Similarly, Ocasio-Cortez stated publicly in a live-streaming session, “Nothing would give me more pleasure than to tank a billionaire, dark money, fossil fuel, Exxon lobbyist-drafted ‘energy’ infrastructure bill if they come after our child care and climate priorities.”
UPDATE: After publication, Rep. Ed Perlmutter’s office said his statement supporting a “two-track strategy” was “not a yes or no answer” on whether he is committing to vote down the infrastructure bill if it is delinked from the reconciliation bill. This story has been updated to reflect that.
UPDATE II: Reps.
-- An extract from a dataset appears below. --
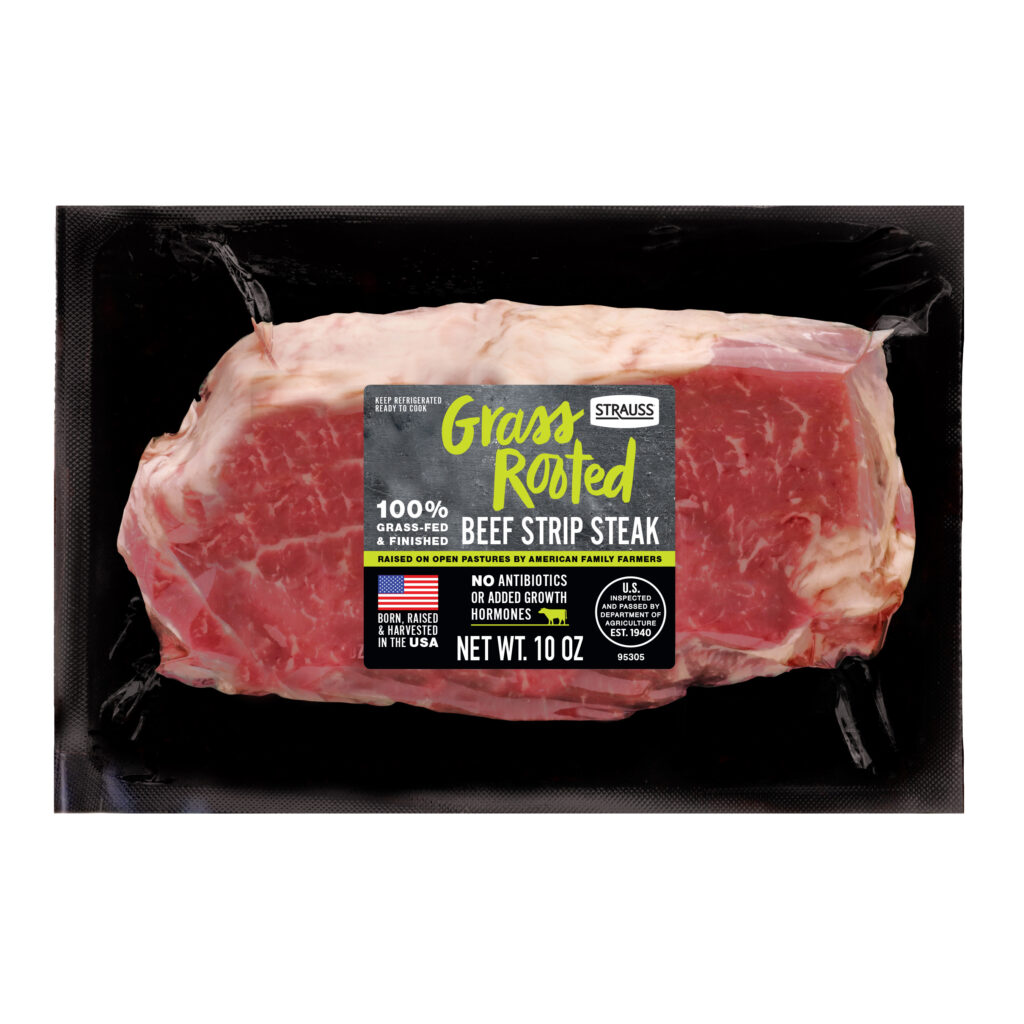 A 10-ounce retail package of Strauss Grass Rooted 100% grass-fed beef strip steak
Jared Huffman (D-CA) and Hank Johnson (D-GA) both have made clear to reporters that they would be a no on the infrastructure bill without a reconciliation bill completed, as well as Rep. Mark DeSaulnier (D-CA), upping the count to 19.
UPDATE III: Rep. Yvette Clarke (D-NY) announced her opposition to the infrastructure bill without “assurances” that the Build Back Better Act would become law. Rep. Lloyd Doggett (D-TX), in a statement, also expressed “his committment to voting for BIF [the bipartisan infrastructure framework] and Build Back Better together, and to reject the BIF without Build Back Better.”
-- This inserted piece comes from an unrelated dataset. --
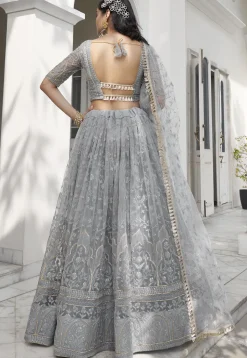 Embroidered Net Lehenga in Grey
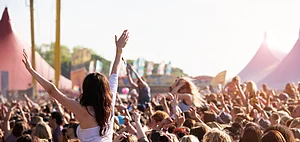 Crowd enjoying themselves at a music festival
UPDATE IV: Rep. Chuy Garcia (D-IL) is now opposed to the infrastructure bill, as is Rep. Melanie Stansbury (D-NM).
UPDATE V: Reps. Kai Kahele (D-HI) and Theresa Leger Fernández (D-NM) expressed their opposition to the infrastructure bill vote on Thursday, Sept. 30. Rep. Paul Tonko (D-NY), who is not a member of the Progressive Caucus, tweeted that he would need a “clear path forward” on the Build Back Better Act before voting for the infrastructure bill.
UPDATE VI: Rep. Nydia Velazquez (D-NY), a committee chair, announced her opposition to the infrastructure bill on Twitter on Thursday, Sept. 30. Rep. Grace Meng (D-NY) is also opposed. And Rep. Jimmy Gomez (D-CA) as well.
“A Robust Package”
The Congressional Progressive Caucus (CPC), of which 95 representatives are members, announced the two-track strategy in an August 10 letter to leadership. According to the letter, signed by Reps. Pramila Jayapal, Katie Porter, and Ilhan Omar, a majority of CPC members intend to withhold their votes on the infrastructure bill “until the Senate [adopts] a robust reconciliation package.”
The CPC did not release names at that time. The whip count indicates that some members are as yet unwilling to put their names on the record.
One caveat, which may threaten the entire strategy, is that the CPC has not specified the size of the reconciliation package that will meet the standard of “robustness,” nor any nonnegotiable provisions for the bill. That leaves open the possibility that they might vote for a pared-back reconciliation bill that has been gutted by conservative Democratic legislators.
Some lawmakers have drawn their own lines in the sand. Rep. Rashida Tlaib, for example, tweeted last week, “$3.5T is the floor.”
Regardless of the size of the bill, the most important line in the sand is whether the two bills stay together.